Planeta Axel

Abramovich: la ambición sin límite

Ujtá. Ciudad industrial situada en el noroeste de Rusia. A unos 2.000 kilómetros de Moscú. Poco más de cien mil habitantes. La vida transcurre como pasada por un filtro grisáceo. Todo parece lejos, todo está lejos. Los días se suceden lentamente mientras las fábricas locales van extrayendo petróleo cerca del río. Aparentemente, hablar de un sitio como este en un periódico español suena raro. Pero allí creció y estudió Roman Abramovich.

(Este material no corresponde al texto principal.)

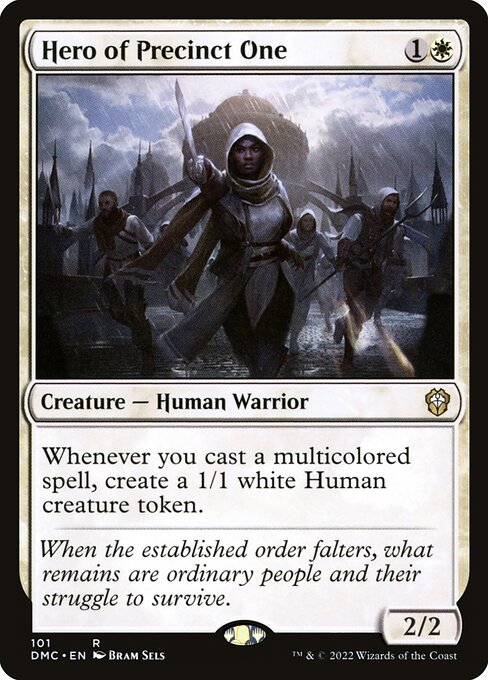 Hero of Precinct One - Dominaria United Commander Magic card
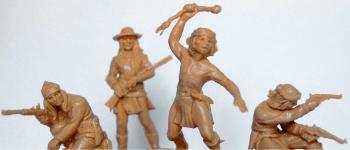 Apache Indians--four figures in four poses--THREE IN STOCK. #51798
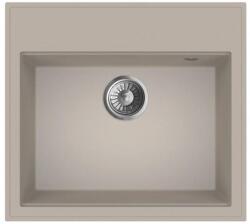 MOFÉM Zenit 1b 1 Medencés Gránit Mosogatótálca 560*510; 215mm Mély Csaptelep Futrat Nélkül; Ráépíthető; Bézs (760012801b2)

Cuando el hoy presidente del Chelsea vivió allí, en casa de su tío, que le cuidó a él y a su hermana al morir sus padres –se quedó huérfano a los tres años-, quizá no había oído hablar nunca del club londinense. Es posible que ni le interesara el fútbol: cuentan que fue una afición que le vino ya de adulto, no mucho antes de desembarcar en ese barrio elitista de la capital inglesa. Lo que aprendió Abramovich en Ujtá fue el valor del petróleo. Allí casi todo el mundo vivía de él. Así que cuando creció y las reformas de Gorbachov permitieron la creación de pequeñas empresas privadas, enseguida se encaminó hacia ese sector. Y a principios de los noventa ya poseía cinco compañías que comerciaban con él. De este modo nació su fortuna. Una fortuna que ha tenido una influencia importantísima en el fútbol europeo en los últimos años.

Es complicado explicar cómo llegó a la cima desde la nada. Su caso puede asemejarse al de personas que tuvieron que convivir desde muy pequeñas con grandes dificultades y desarrollaron un espíritu repleto de determinación, enfocado únicamente a labrarse un camino que les cambiara la vida. Abramovich habría escuchado en su casa la historia de sus abuelos paternos, que tuvieron que marcharse refugiados a Siberia cuando las tropas soviéticas ocuparon Lituania en 1940. Los otros, los de fuera, habían marcado el destino de sus antepasados. Eso no podía ocurrirle a él: debía encontrar la fórmula para pasar al otro extremo. De ser él quien marcara el destino de los demás.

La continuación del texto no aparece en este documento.